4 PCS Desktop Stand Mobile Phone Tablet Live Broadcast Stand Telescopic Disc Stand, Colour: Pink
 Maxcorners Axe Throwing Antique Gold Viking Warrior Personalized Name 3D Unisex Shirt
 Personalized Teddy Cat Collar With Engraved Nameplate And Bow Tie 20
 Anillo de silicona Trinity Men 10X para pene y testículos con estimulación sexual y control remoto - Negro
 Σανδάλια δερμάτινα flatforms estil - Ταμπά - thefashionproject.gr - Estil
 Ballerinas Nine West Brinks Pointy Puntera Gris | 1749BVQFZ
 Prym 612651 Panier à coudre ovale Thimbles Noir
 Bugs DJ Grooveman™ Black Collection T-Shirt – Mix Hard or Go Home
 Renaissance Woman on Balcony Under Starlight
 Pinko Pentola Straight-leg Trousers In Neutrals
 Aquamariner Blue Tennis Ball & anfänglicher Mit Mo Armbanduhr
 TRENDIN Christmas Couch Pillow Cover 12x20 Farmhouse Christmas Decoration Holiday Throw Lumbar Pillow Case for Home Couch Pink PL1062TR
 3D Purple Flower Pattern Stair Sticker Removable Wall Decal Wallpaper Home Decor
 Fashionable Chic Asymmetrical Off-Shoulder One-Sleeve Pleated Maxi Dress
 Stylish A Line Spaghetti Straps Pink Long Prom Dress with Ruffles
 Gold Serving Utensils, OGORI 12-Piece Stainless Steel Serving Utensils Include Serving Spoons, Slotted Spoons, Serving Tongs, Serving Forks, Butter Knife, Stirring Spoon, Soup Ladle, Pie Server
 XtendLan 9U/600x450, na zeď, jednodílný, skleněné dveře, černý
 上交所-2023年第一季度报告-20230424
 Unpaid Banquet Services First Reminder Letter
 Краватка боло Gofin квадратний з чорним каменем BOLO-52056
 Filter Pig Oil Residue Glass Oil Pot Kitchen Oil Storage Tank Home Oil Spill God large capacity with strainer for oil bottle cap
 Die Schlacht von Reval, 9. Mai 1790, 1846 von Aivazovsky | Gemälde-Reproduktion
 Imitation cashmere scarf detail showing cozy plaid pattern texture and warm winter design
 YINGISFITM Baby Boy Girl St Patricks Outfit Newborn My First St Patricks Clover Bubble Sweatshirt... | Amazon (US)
::::::::
• Description of the task:
In the listing above, please copy exactly the lines from the first through the one that contains "Anillo de silicona", and no others.

• Answer for this exercise:
4 PCS Desktop Stand Mobile Phone Tablet Live Broadcast Stand Telescopic Disc Stand, Colour: Pink
 Maxcorners Axe Throwing Antique Gold Viking Warrior Personalized Name 3D Unisex Shirt
 Personalized Teddy Cat Collar With Engraved Nameplate And Bow Tie 20
 Anillo de silicona Trinity Men 10X para pene y testículos con estimulación sexual y control remoto - Negro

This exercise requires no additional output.